Former Kosovo Liberation Army officer Sadik Halitjaha told the trial of Hashim Thaci and other wartime guerrilla leaders in The Hague that contrary to prosecution claims, the KLA’s General Staff didn’t give orders and the guerrilla force didn’t have a defined military structure.
Sadik Halitjaha, former deputy commander of the Kosovo Liberation Army’s Pashtrik Operational Zone, told the Kosovo Specialist Chambers in The Hague this week that the KLA’s General Staff did not give his fighters orders, and even military regulations were compiled at the operational zone level.
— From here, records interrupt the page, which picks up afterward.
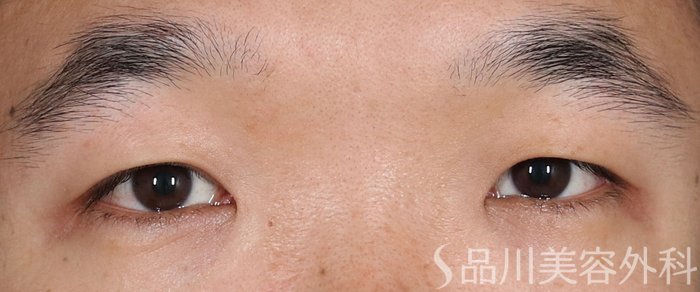 症例NO.74082のBEFORE写真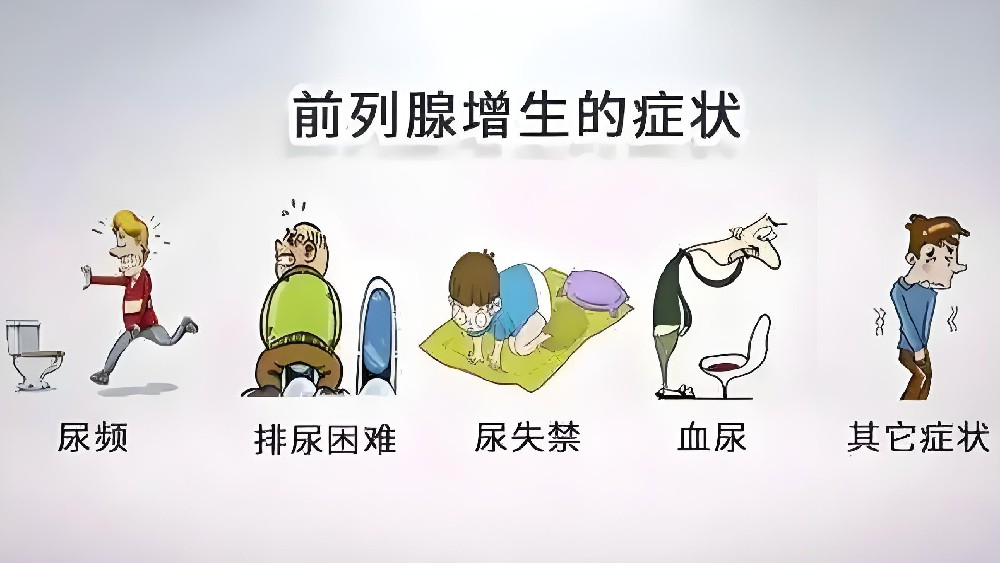 前列腺增生怎么办？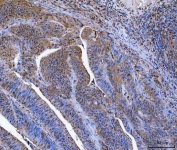 IHC staining of FFPE human rectal cancer tissue with Glutathione Reductase antibody. HIER: boil tissue sections in pH8 EDTA for 20 min and allow to cool before testing.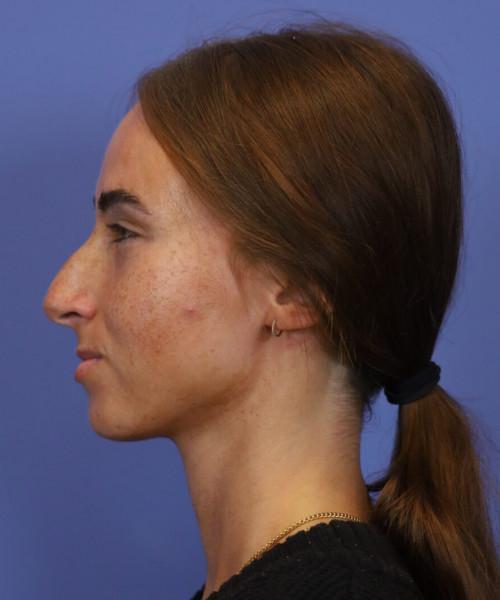 Functional Rhinoplasty before at Bitner Facial Plastic Surgery of Utah in Layton, UT
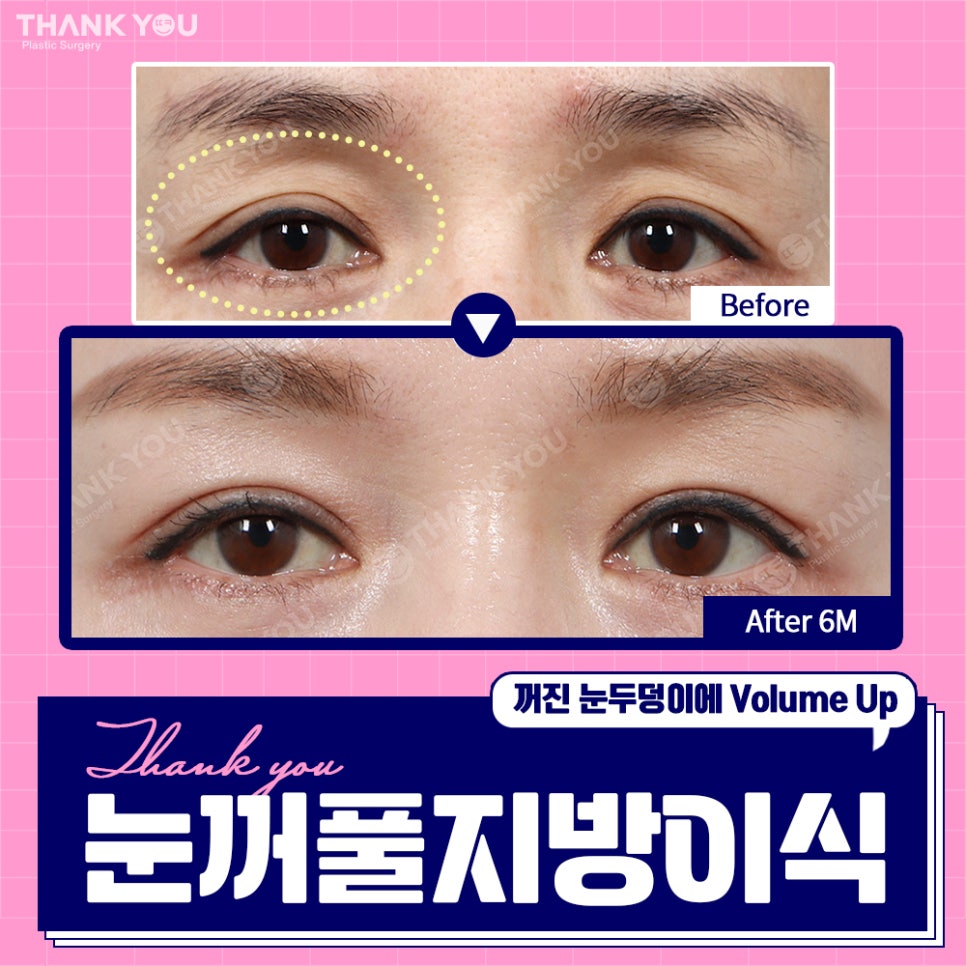 눈꺼짐? Thank You눈꺼풀 지방이식으로 볼륨UP 관련 이미지 5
Halitjaha also told the trial of former Kosovo President Hashim Thaci and three co-defendants that attempts to give the KLA a proper army structure remained on paper.
“I don’t remember having received any order” from the General Staff, Halitjaha told the court on Friday.
The prosecution is seeking to prove that Thaci and his three co-defendants, Kadri Veseli, Rexhep Selimi, and Jakup Krasniqi, who are on trial for war crimes and crimes against humanity, were responsible as senior KLA officers for crimes committed by their subordinates.
Halitjaha said on Monday that there were no agreed protocols between the KLA’s various operational zones and the General Staff. But in the Pashtrik zone, where he was deputy commander, he and others compiled their own regulations.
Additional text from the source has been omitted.